El temor a nuevos incidentes como los del años pasado ha instado tanto al Jefe de Estado tanto a mantener el estado de excepción dentro del congreso como acelerar la celebración de un referéndum constitucional que para los analistas está falto de garantías, del que se ha hablado mucho pero del que poco se sabe.

La oposición considera que la propuesta de reforma es un paso por parte del presidente ecuatoriano para hacerse con el control del poder Judicial, así como de los medios de comunicación con los que el mandatario posee una larga historia de desencuentros y a los que no ha dudado en calificar de faltos de “ética” y de “escrúpulos ”.

Las normativas que el Ejecutivo a cargo de Correa busca modificar son: el reordenamiento del sistema judicial ecuatoriano, el grado de caducidad de la prisión preventiva, la regulación de medios de comunicación, la prohibición del enriquecimiento privado no justificado, los juegos de azar, los espectáculos que tengan como fin el sacrificio de un animal como las corridas de toros o las peleas de gallos y la no afiliación de los trabajadores al Seguro Social estatal.
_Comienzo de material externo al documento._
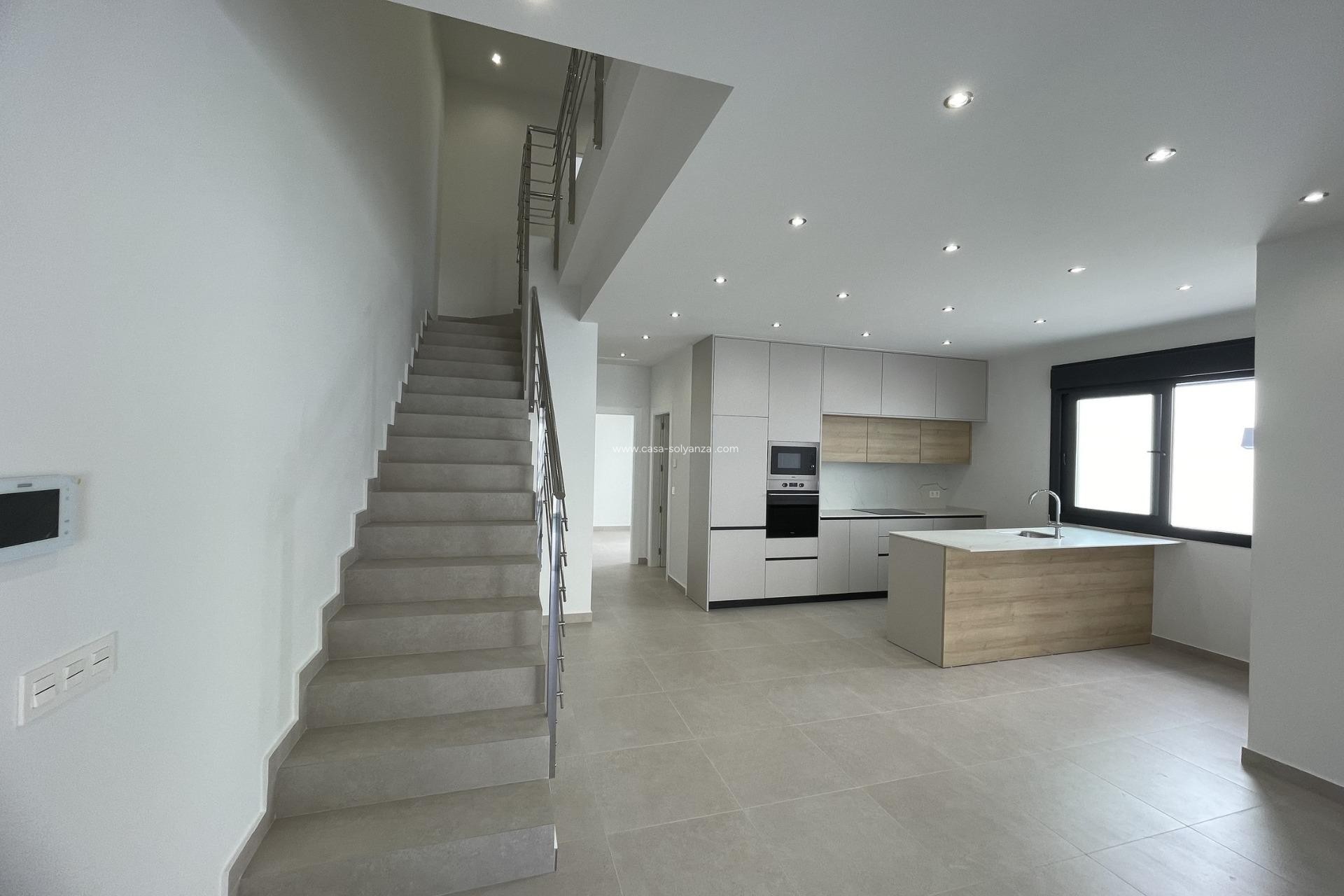 Neue Gebäude - Villa - Almoradí - Heredades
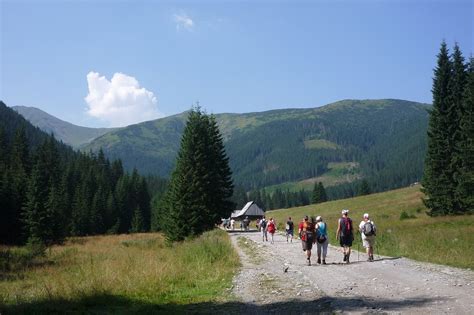 szlaki w tatrach zachodnich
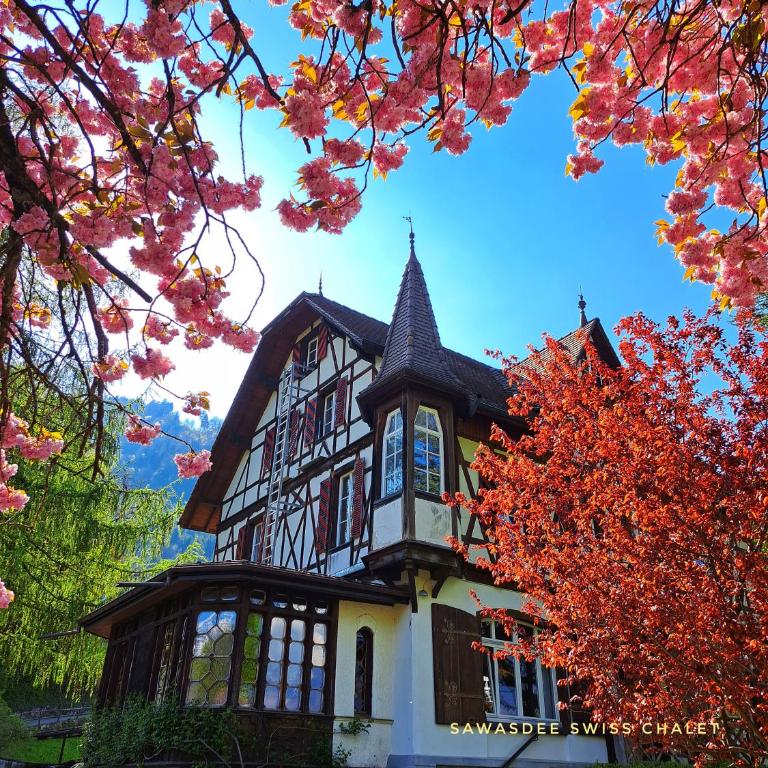 Sawasdee Swiss Chalet Wilderswil - Apartment mit 3 Schlafzimmern - 70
Cada uno de estos puntos serán abordados a través de un decálogo de preguntas cerradas con las opciones del "sí" y el "no" como respuestas.

Dos palabras que han llevado al Gobierno y a la oposición enfrascarse en en una guerra política que desvela la polarización política que sufre el país, mediante campañas que abogan por valores más emocionales que reflexivos y en donde el populismo se antepone al debate democrático.

No en vano, el Consejo Nacional Electoral de Ecuador ha recibido más de 50 quejas por parte de los partidarios del “Sí” como del “No”. Por un lado, el gobernante ha acusado a sus detractores de llevar a cabo una propaganda tendenciosa para minar el progreso del país hacia un modelo socialista; mientras que sus opositores alertaron de una campaña desigual marcada por el uso indebido de las instituciones del Estado para beneficiar el voto oficialista en el plebiscito de este 7 de mayo.

¿Tras los pasos de Chávez y Morales?

Aún cuando las encuestas predicen una victoria electoral de Correa, quien obtendría un 60% de los votos, hasta último momento el presidente ecuatoriano ha llevado un periplo casi mesiánico en el interior del país para alentar a la reforma de la Carta Magna, lo que para muchos de sus detractores se interpreta como un movimiento a posta para preparar el terreno a la reelección de cara a las elecciones de 2013, copiando la estrategia de sus homólogos y aliados políticos, los presidente de Bolivia, Evo Morales y de Venezuela, Hugo Chávez.

En este sentido, el escritor y periodista Ándres Oppenheimer, señaló en su columna semanal “El Informe Oppenheimer de América Latina”, que publica el diario “El Nuevo Herald”, que este plebiscito es una vía para instar a la corrupción en el país andino y no para garantizar el Estado de Derecho, ya que según los críticos al Gobierno de Quito el propósito del referéndum “no es prohibir las corridas de toros, sino legitimar la censura de la prensa y el control gubernamental del sistema judicial”.

De ganar el “Sí”, Correa tendría el poder para elegir a los tres jueces que serán los responsables de llevar a cabo una reforma del Poder Judicial en los próximos 18 meses. Al respecto Gustavo Larrea, ex ministro del presidente Rafael Correa y contrario a la consulta, advirtió de que en año y medio difícilmente se podrá llevar a cabo una nueva arquitectura judicial cuando a países como a Chile le ha llevado 10 años en lograrla.

Por su parte el Sindicato Interamericano de Prensa (SIP), expresó su preocupación en caso de que el electorado vote a favor de una reedición de la Constitución que incluye regulaciones a la prensa, ya que según su presidente, Gonzalo Marroquín, el referéndum es un intento claro de “crear un organismo que decida qué es lo que puede y lo que no puede recibir como información el pueblo ecuatoriano".

Este sábado Ecuador decidirá si continúa con la Carta Magna de 2008 o abre una nueva etapa política mediante una reforma con muchas interrogantes por responder. Las cartas están echadas.